Caption-style text data
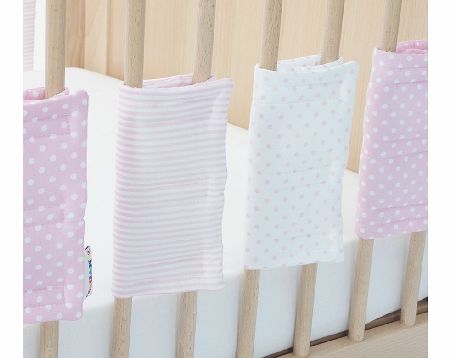 Hippychick Bumpsters 10 Cot Bar Bumpers Pink 2014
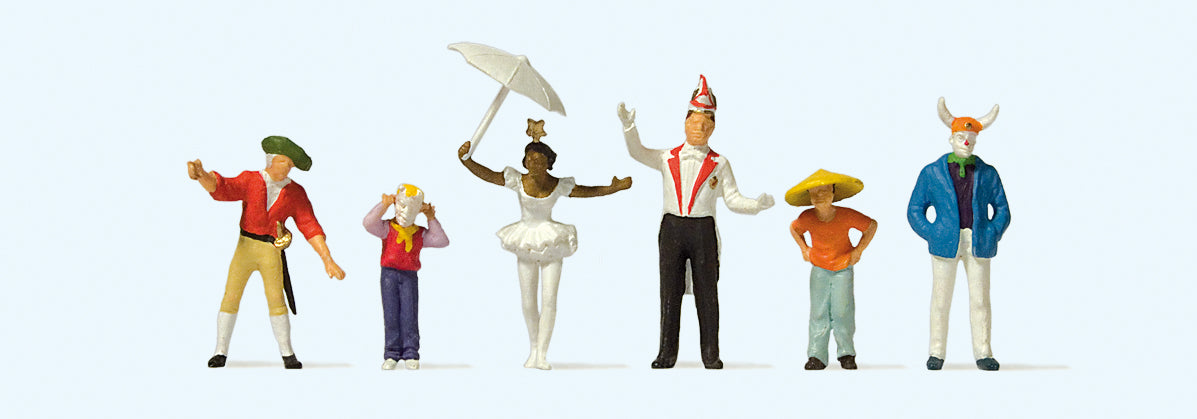 Preiser Carnival Goers (6) Figure Set PR24645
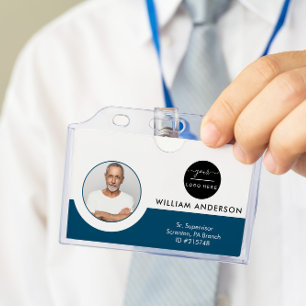 Personalised Employee Photo ID Company Security Ba ID Badge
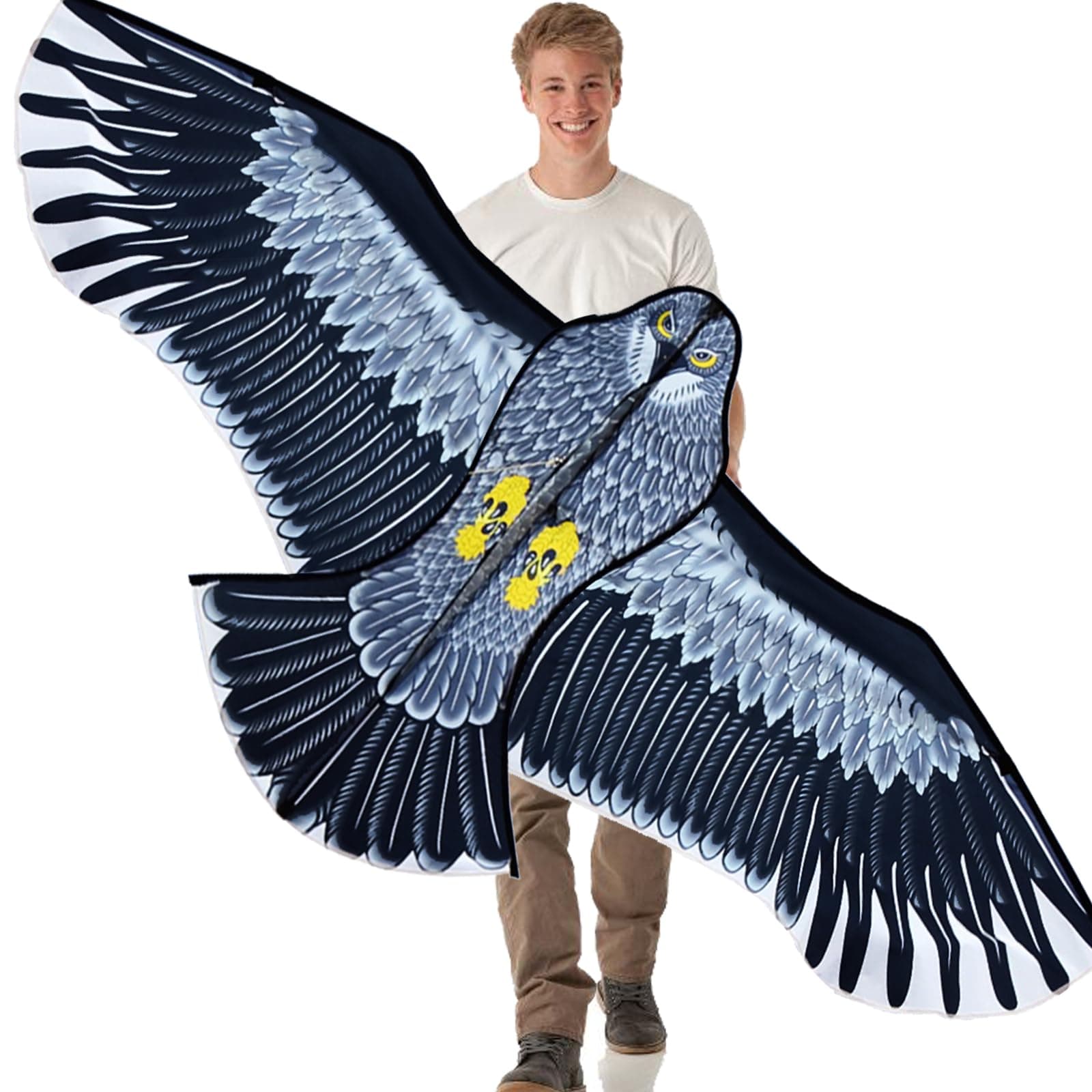 HENGDA KITE-Strong Eagles!Huge Beginner Eagle Kites for Kids and Adults.74-Inch
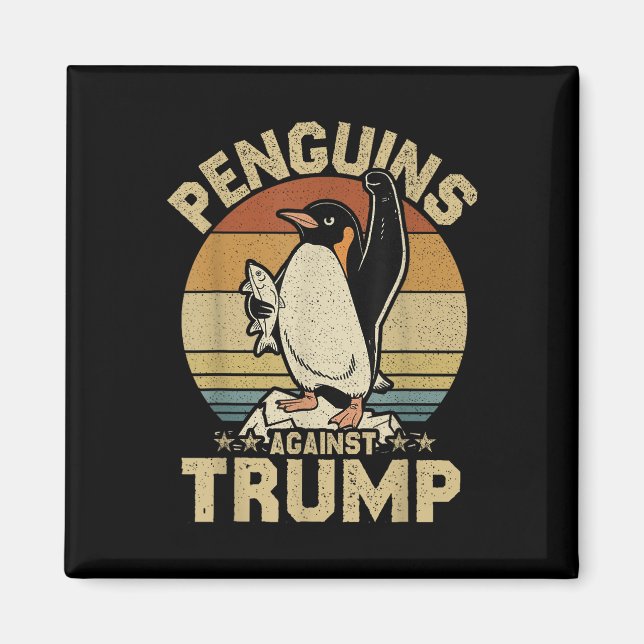 Imã Pinguins Pinguins Contra Pinguins Engraçados (Frente)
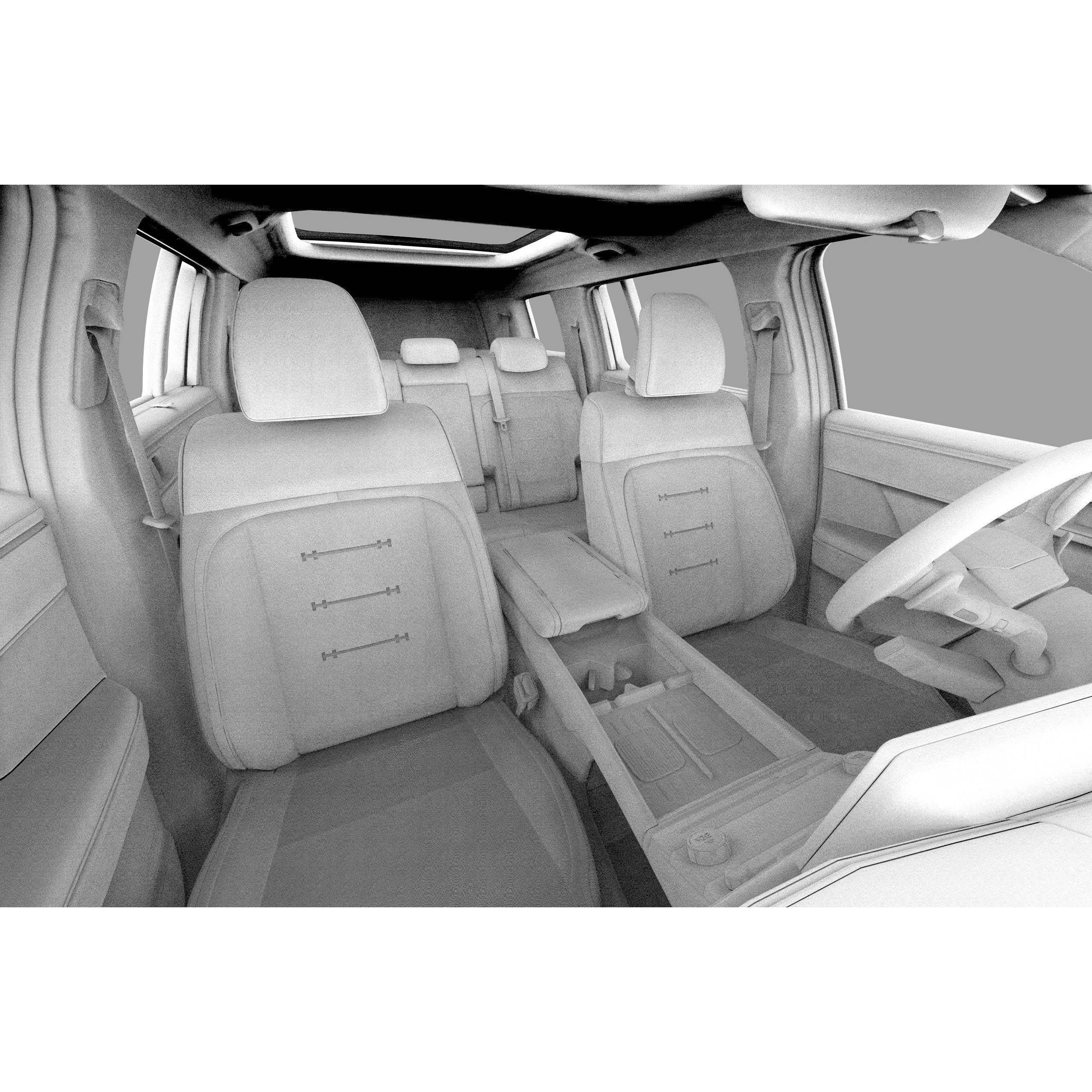 Hyundai Santa Fe 2024 - High-Poly Interior 3D Model - View 53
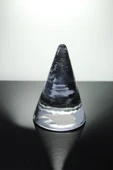 Paşabahçe El İmalatı Kristal Üçgen 11x7 Cm Mini Ağır Cam Aksesuar 1 Adet 1084157 25872 - 1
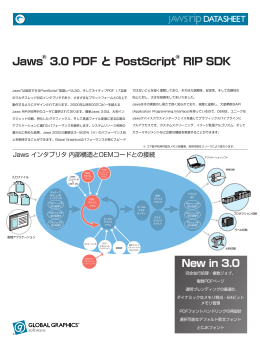 Jaws® 3.0 PDF と PostScript ® RIP SDK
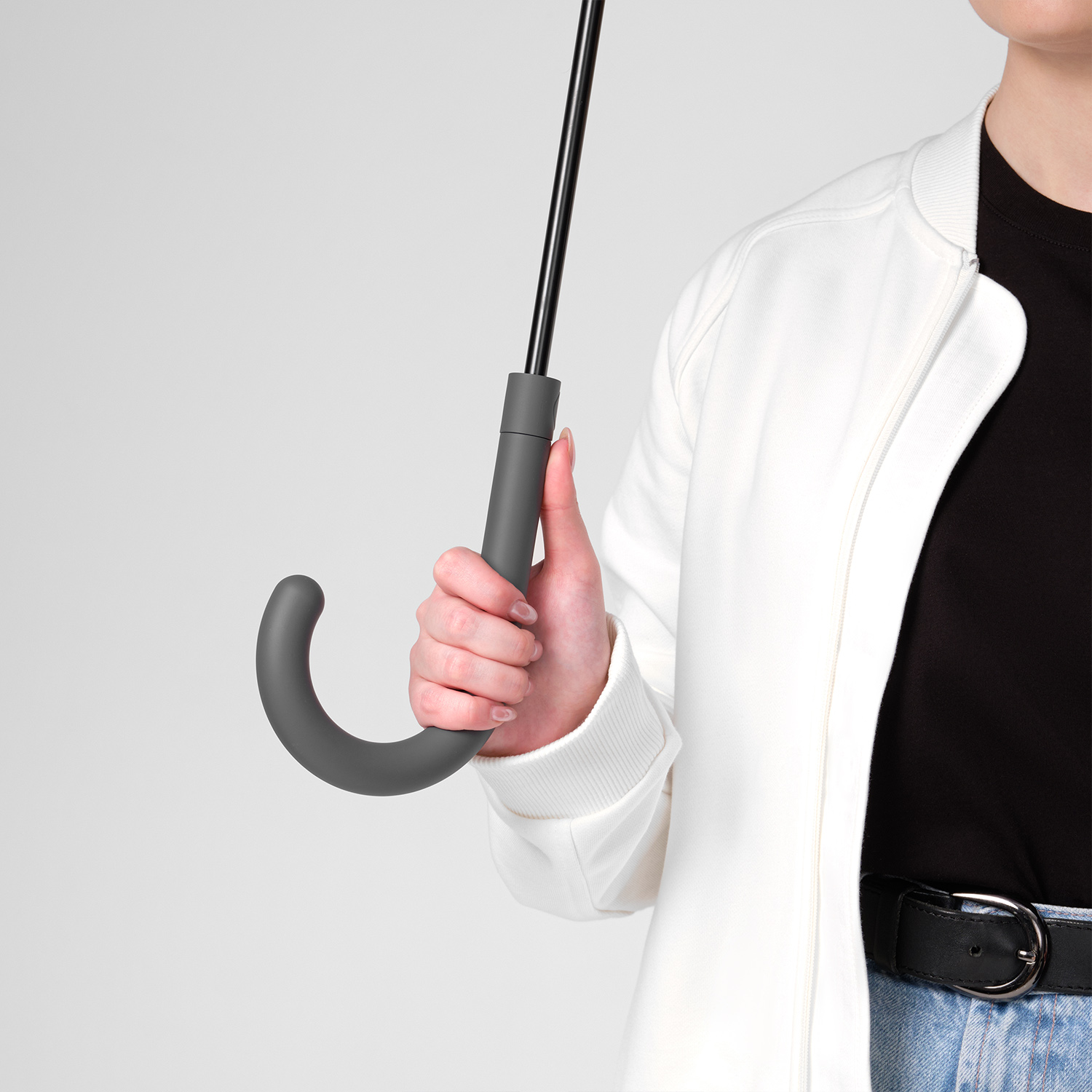 Зонт-трость Phantom, серый — изображение 9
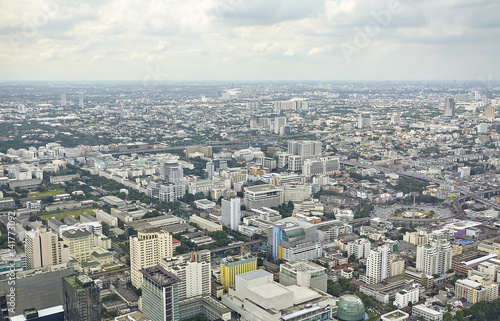 Top view city  Bangkok   Thailand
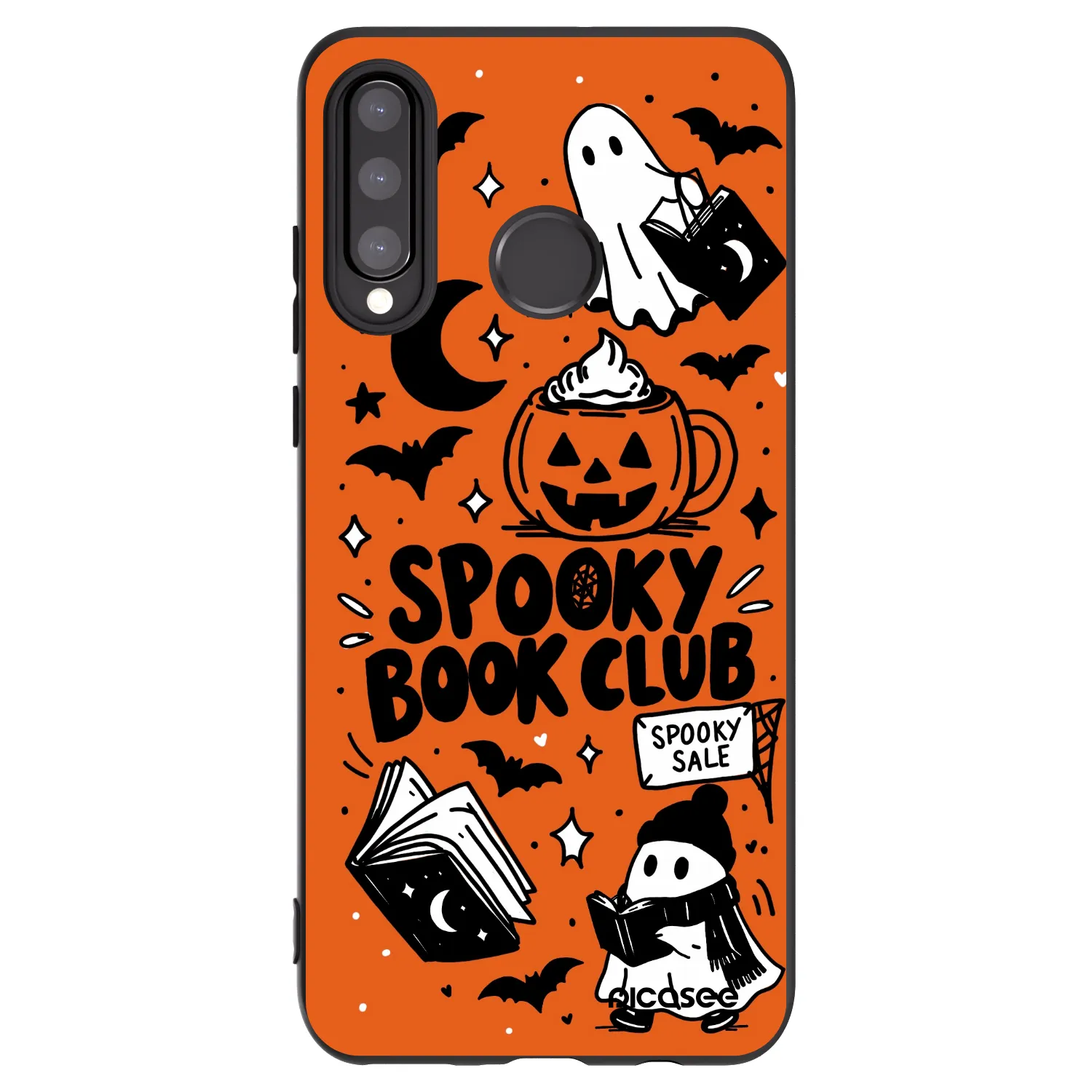 Picasee husă neagră din silicon pentru Huawei P30 Lite - Spooky book club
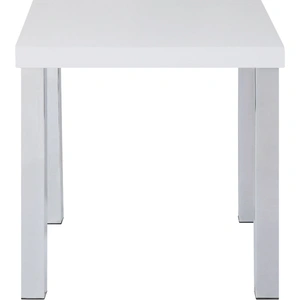 ACME Harta Wood Square End Table, White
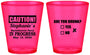 Custom Bachelorette Plastic Shot Glasses - Drunk Yes Or No | 60083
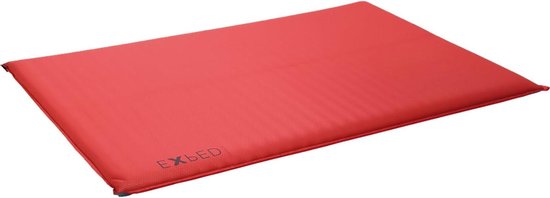 Zelfopblazende Slaapmat - Kampeermat Dubbel - Comfortabel Kamperen - Dubbelbrede Parmat - 197 cm - Rood van Merkloos
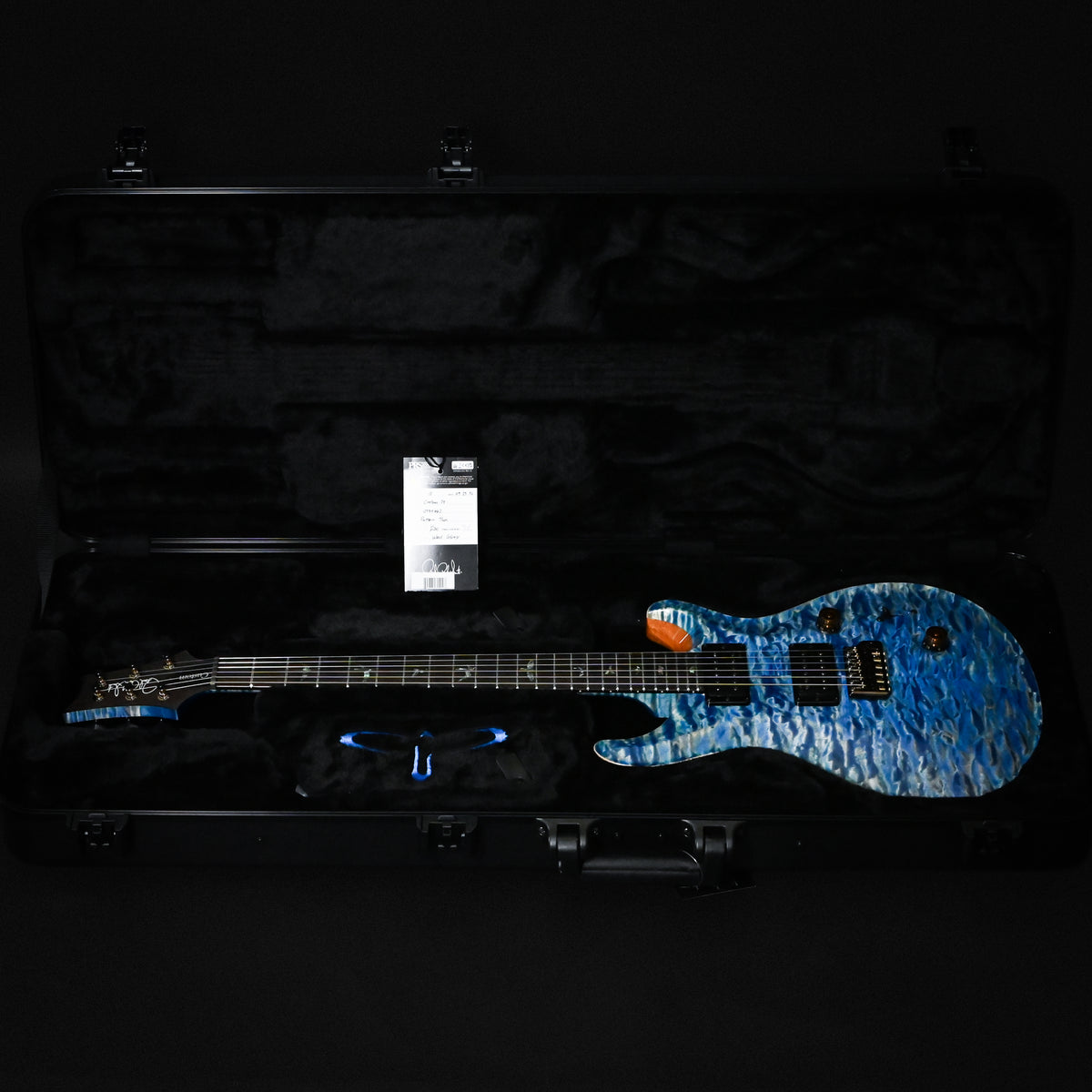 PRS Custom 24 Wood Library w/ Brazilian Rosewood, & DMO Pickups- Faded Blue Jean (Natural Back) 2026 (0434662)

ASSIGNED TASK: Where the line with "Paşabahçe El İmalatı" appears in the entries above, begin there and restate every line to the end word for word, minus the pictures.

EXERCISE ANSWER:
 Paşabahçe El İmalatı Kristal Üçgen 11x7 Cm Mini Ağır Cam Aksesuar 1 Adet 1084157 25872 - 1
 Jaws® 3.0 PDF と PostScript ® RIP SDK
 Зонт-трость Phantom, серый — изображение 9
 Top view city  Bangkok   Thailand
 Picasee husă neagră din silicon pentru Huawei P30 Lite - Spooky book club
 ACME Harta Wood Square End Table, White
 Custom Bachelorette Plastic Shot Glasses - Drunk Yes Or No | 60083
 Zelfopblazende Slaapmat - Kampeermat Dubbel - Comfortabel Kamperen - Dubbelbrede Parmat - 197 cm - Rood van Merkloos
 PRS Custom 24 Wood Library w/ Brazilian Rosewood, & DMO Pickups- Faded Blue Jean (Natural Back) 2026 (0434662)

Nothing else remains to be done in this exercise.